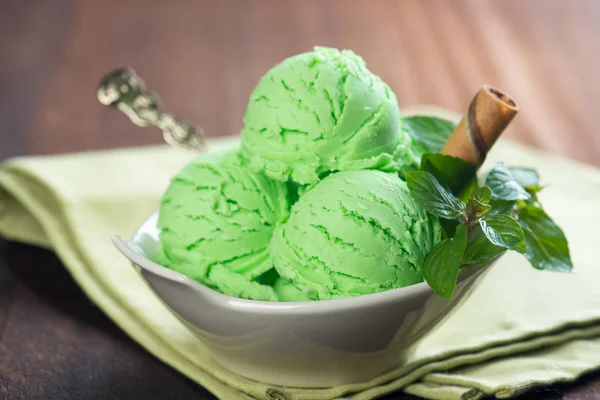 Helado de menta de cerca — Foto de Stock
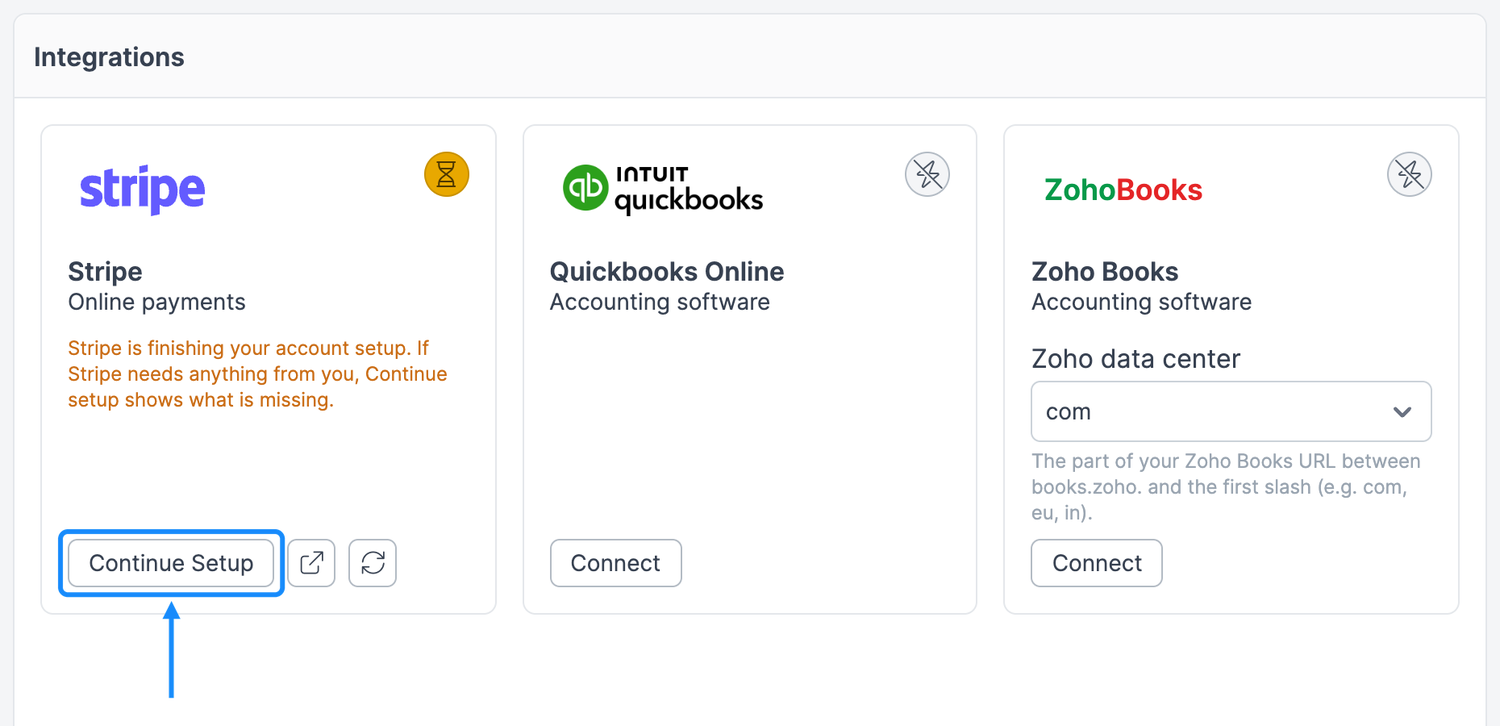 Stripe card with an amber badge and the message Stripe is finishing your account setup, with the Continue Setup button highlighted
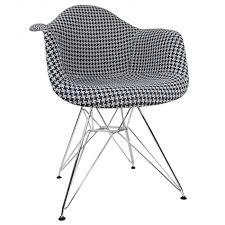Black And White Houndstooth Accent Chair Houndstooth Pattern Woven Fabric Upholstered White Accent Arm Chair Mid Century Modern Armchair Accent Chairs Armchair
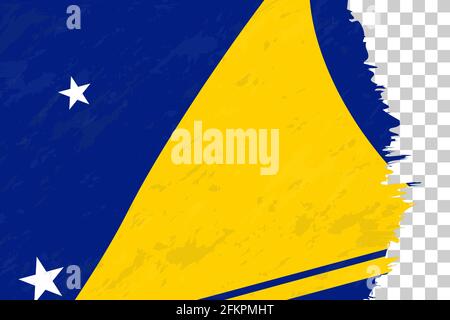 Horizontal Abstract Grunge Brushed Flag of Tokelau on Transparent Grid. Vector Template. Stock Vector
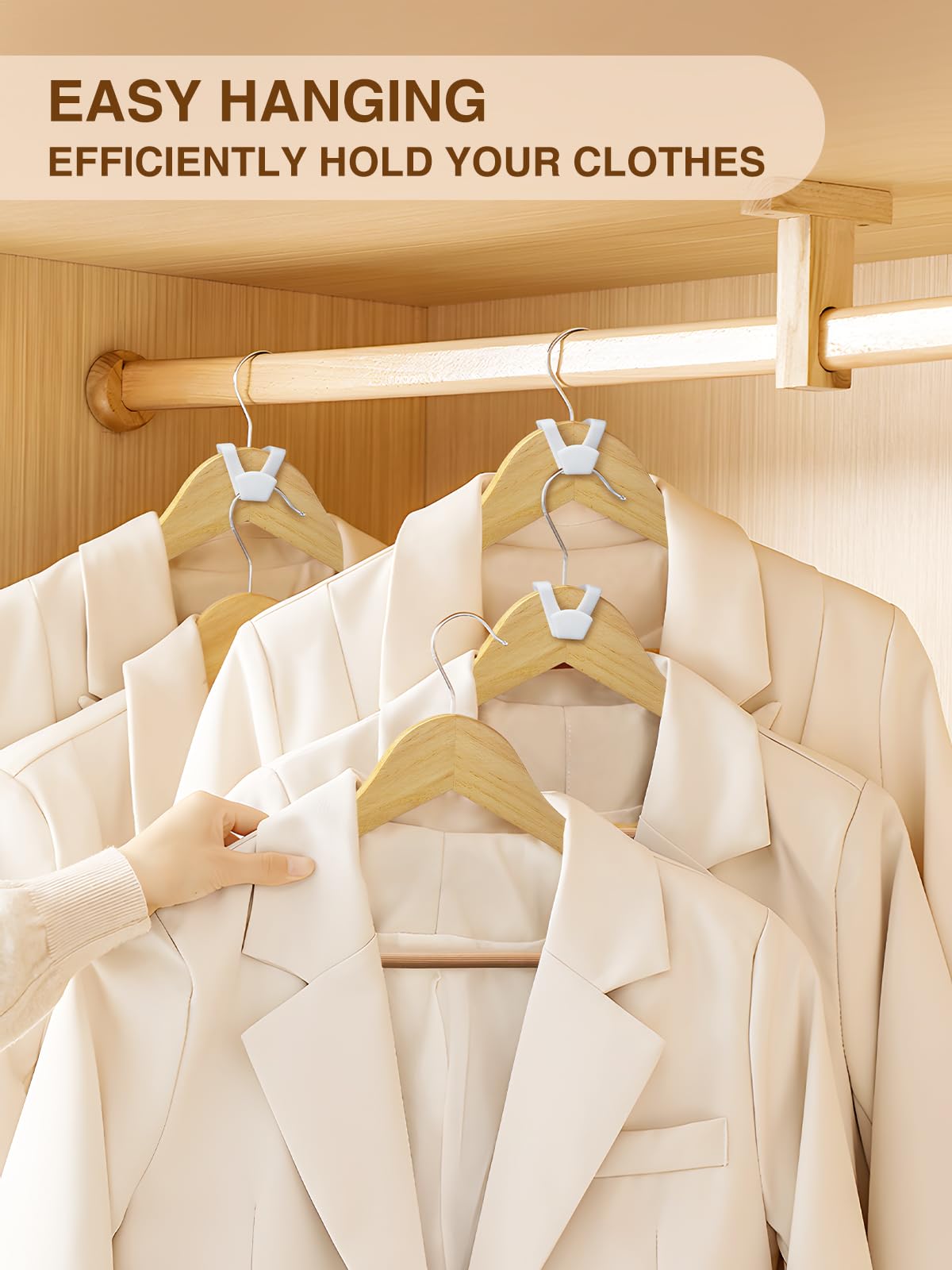 Smartor Clothes Hanger Connector Hooks 60 Pack, Closet Storage And Organization As Hangers Space Saving, Hanger Add On Hook As C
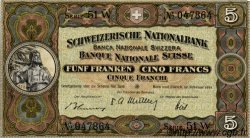 5 Francs SUISSE  1951 P.11o XF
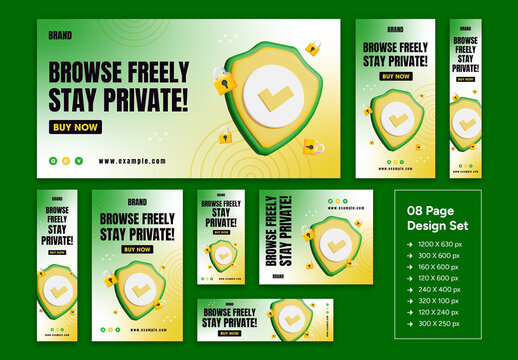 Secure and Stylish VPN Agency Ad Banner Set Design for Digital Privacy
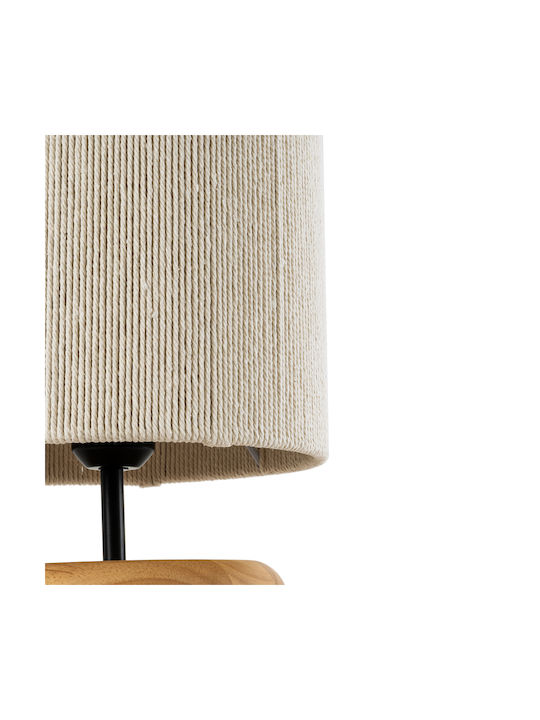 GloboStar Tuvalu Wood Table Lamp for Socket E27 with Beige Shade and Base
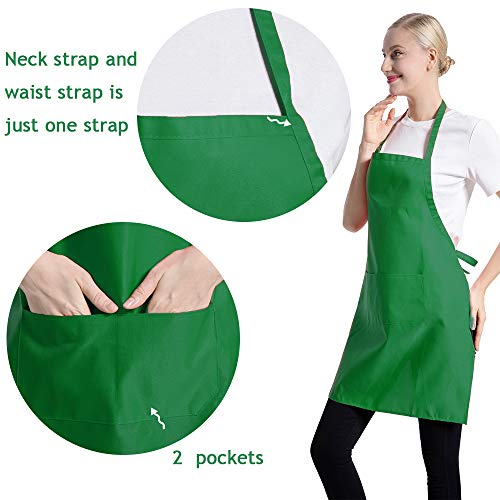 Total 15 PCS Green Plain Bib Aprons Bulk for Women Men-Unisex Adult Aprons with 2 Front Pockets (Leaf Green-15 pcs) - color: Leaf Green-15 Pcs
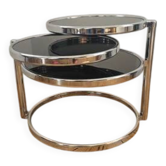 Vintage coffee table with 3 levels and rotating trays in chrome metal and smoked glass - Space Age 1970s.
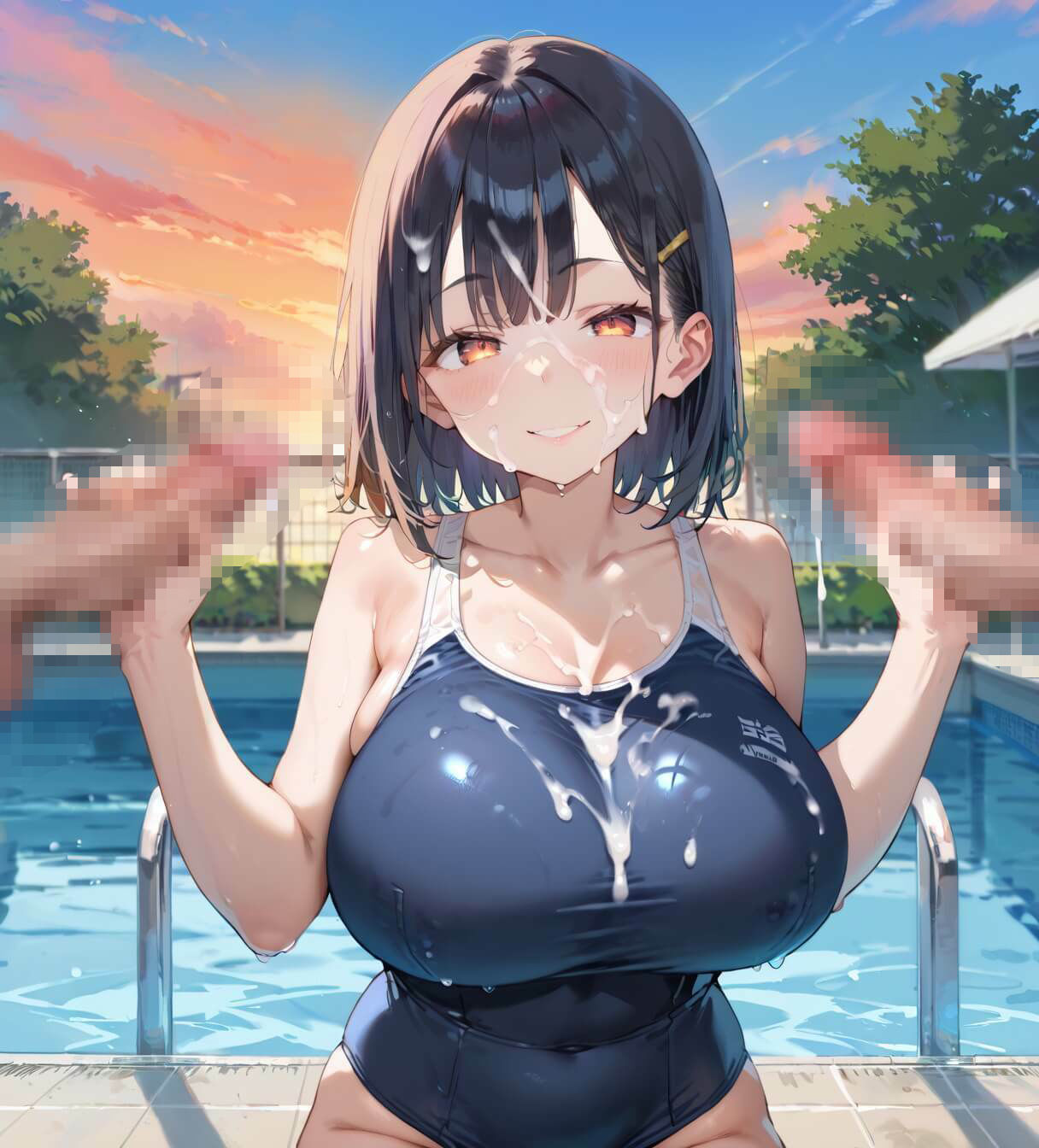 水着美女たちに、夕焼けバックに熱血指導！★360Pの作品画像 4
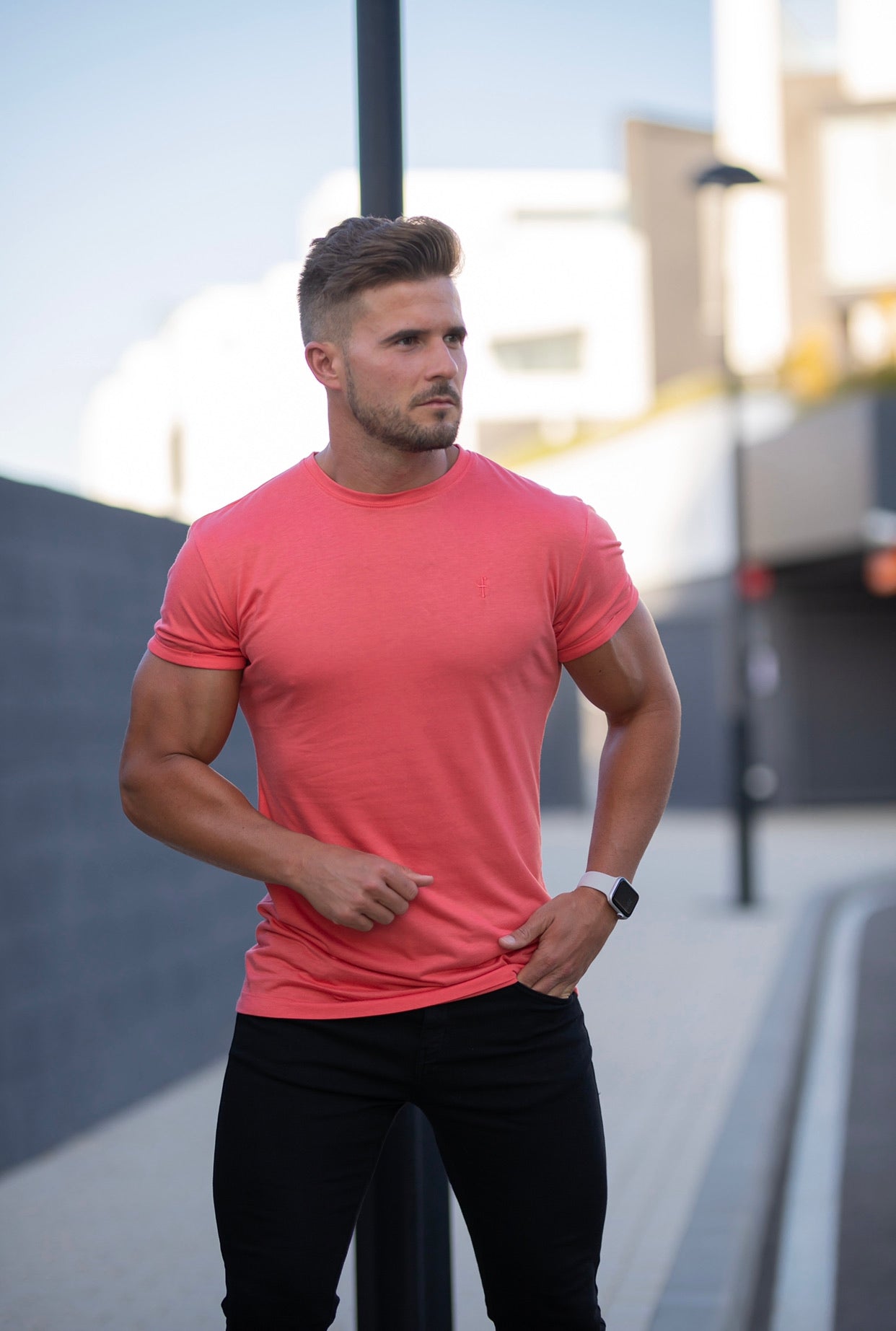 Coral Bamboo Crew by Father Sons - Effortless Style and Comfort (FSH470)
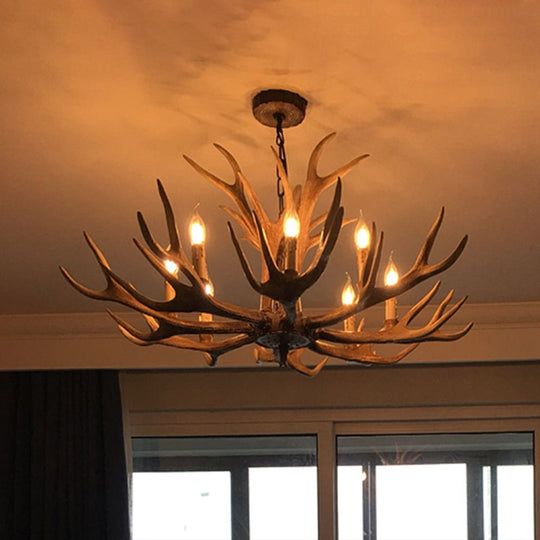 Rustic Brown Resin Antler Chandelier Ceiling Light With Candle Design - Authentic Look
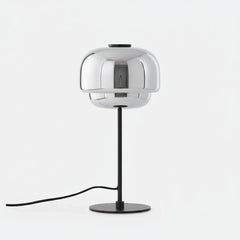 Fifth colourway of the domed glass table lamp on a round base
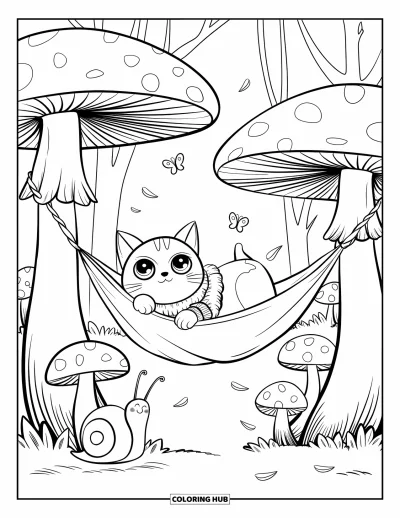 Coloriage apaisant pour adultes : Un chat en pull se détend dans un hamac champignon pendant que des papillons dérivent tout autour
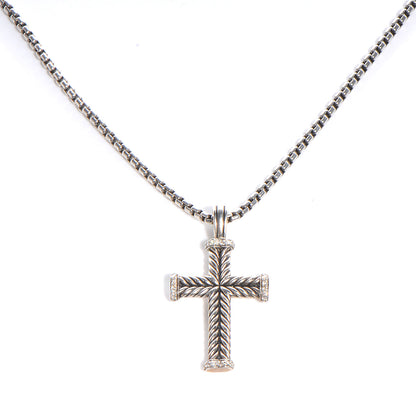 David Yurman Sterling Silver Diamond Chevron Cross Pendant Necklace 1 of 6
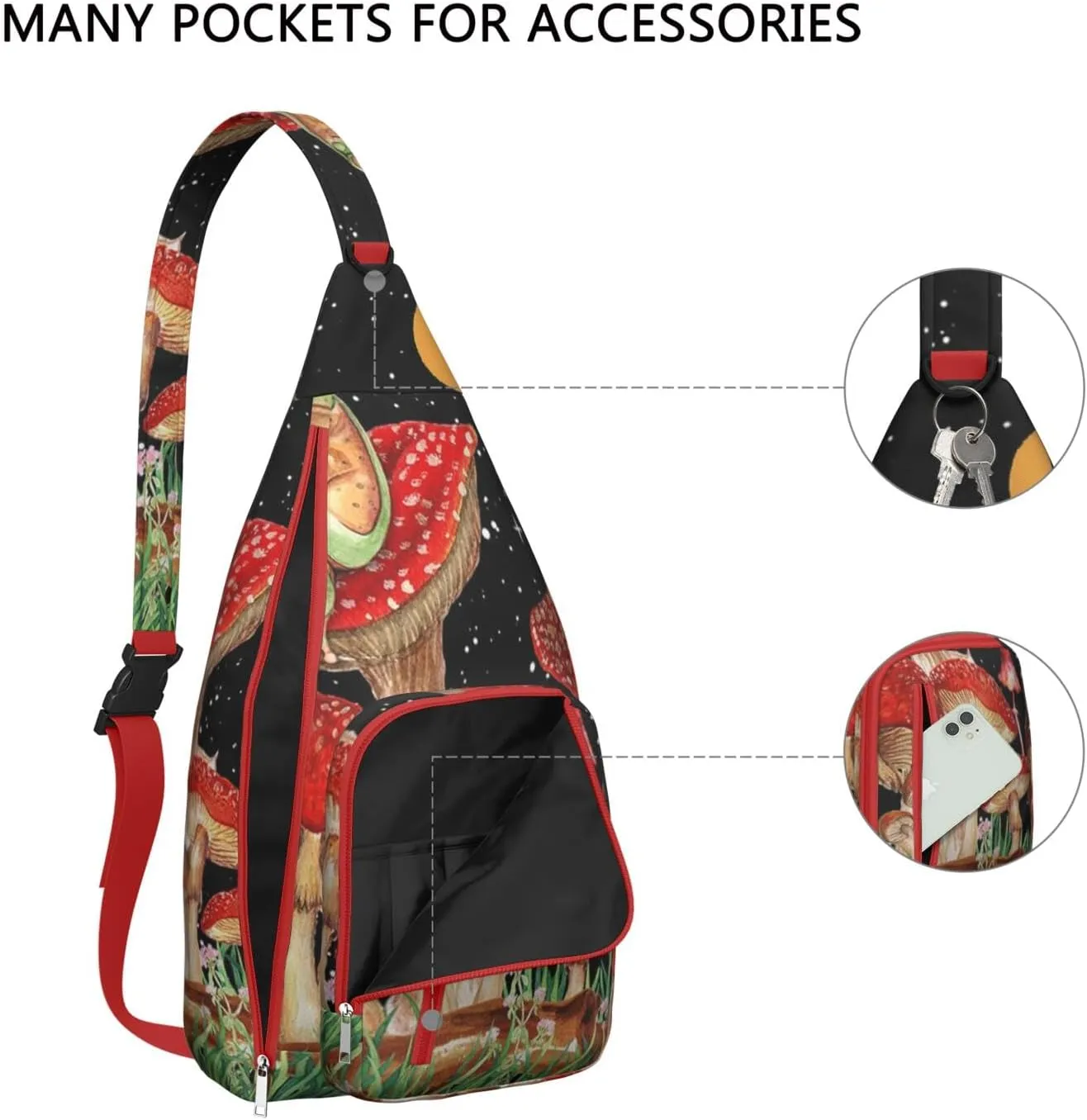 Shoulder Sling Crossbody Casual Chest Bag For Travel Sports Running,Backpack for Men & Women Lightweight Sports BagCrossbody Concealed Carry,Mushroom Shoulder Bag Waterproof Chest Bag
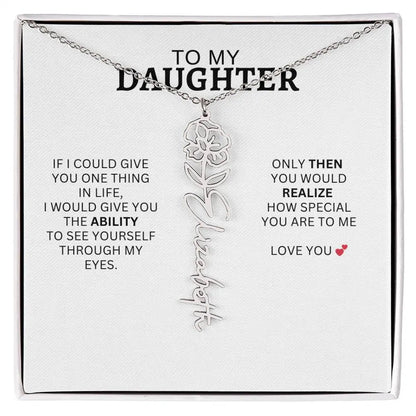 Necklace for Daughter | I Love You - Birth Necklace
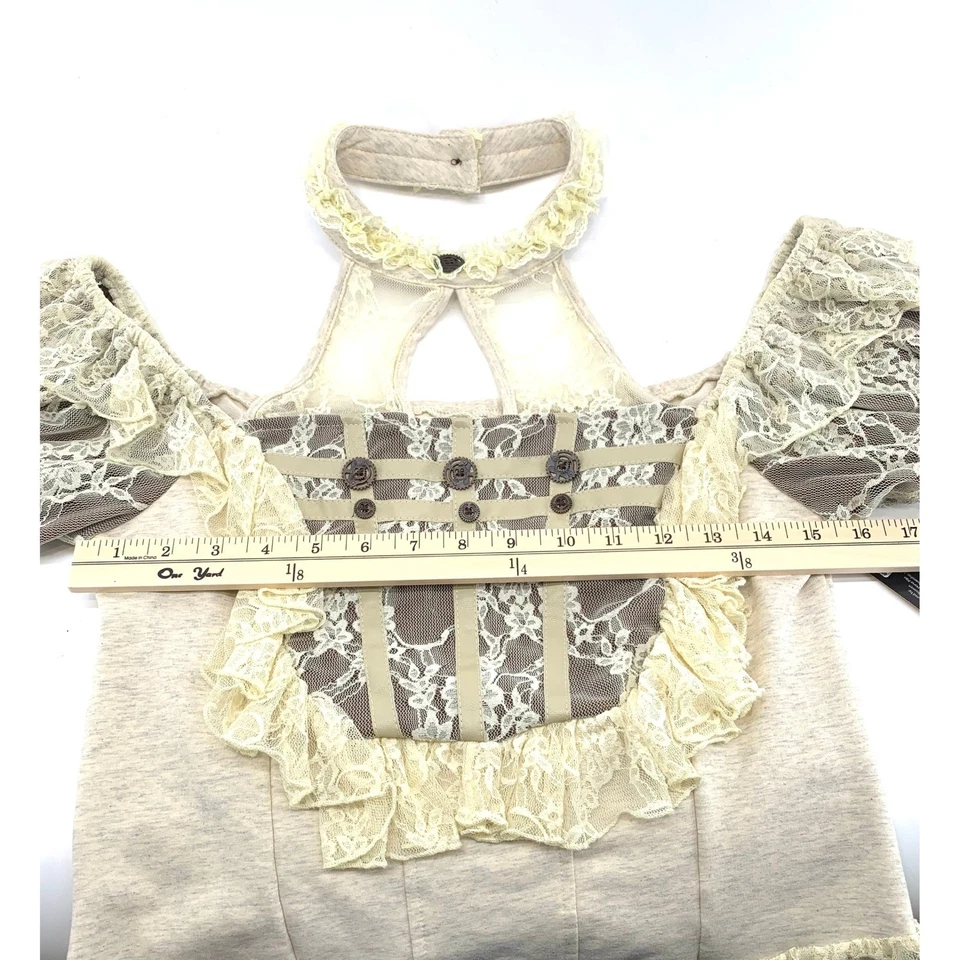 Готический Лолита стимпанк кружева холодные плечи оборки верхний косплей большой - Изображение 3 из 4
***
Drop the pictures, then write out only the lines running from the one containing "Secure and Stylish" through the last line above, both included, exactly.

(Answer for the task):
 Secure and Stylish VPN Agency Ad Banner Set Design for Digital Privacy
 GloboStar Tuvalu Wood Table Lamp for Socket E27 with Beige Shade and Base
 Total 15 PCS Green Plain Bib Aprons Bulk for Women Men-Unisex Adult Aprons with 2 Front Pockets (Leaf Green-15 pcs) - color: Leaf Green-15 Pcs
 Vintage coffee table with 3 levels and rotating trays in chrome metal and smoked glass - Space Age 1970s.
 水着美女たちに、夕焼けバックに熱血指導！★360Pの作品画像 4
 Coral Bamboo Crew by Father Sons - Effortless Style and Comfort (FSH470)
 Rustic Brown Resin Antler Chandelier Ceiling Light With Candle Design - Authentic Look
 Fifth colourway of the domed glass table lamp on a round base
 Coloriage apaisant pour adultes : Un chat en pull se détend dans un hamac champignon pendant que des papillons dérivent tout autour
 David Yurman Sterling Silver Diamond Chevron Cross Pendant Necklace 1 of 6
 Shoulder Sling Crossbody Casual Chest Bag For Travel Sports Running,Backpack for Men & Women Lightweight Sports BagCrossbody Concealed Carry,Mushroom Shoulder Bag Waterproof Chest Bag
 Necklace for Daughter | I Love You - Birth Necklace
 Готический Лолита стимпанк кружева холодные плечи оборки верхний косплей большой - Изображение 3 из 4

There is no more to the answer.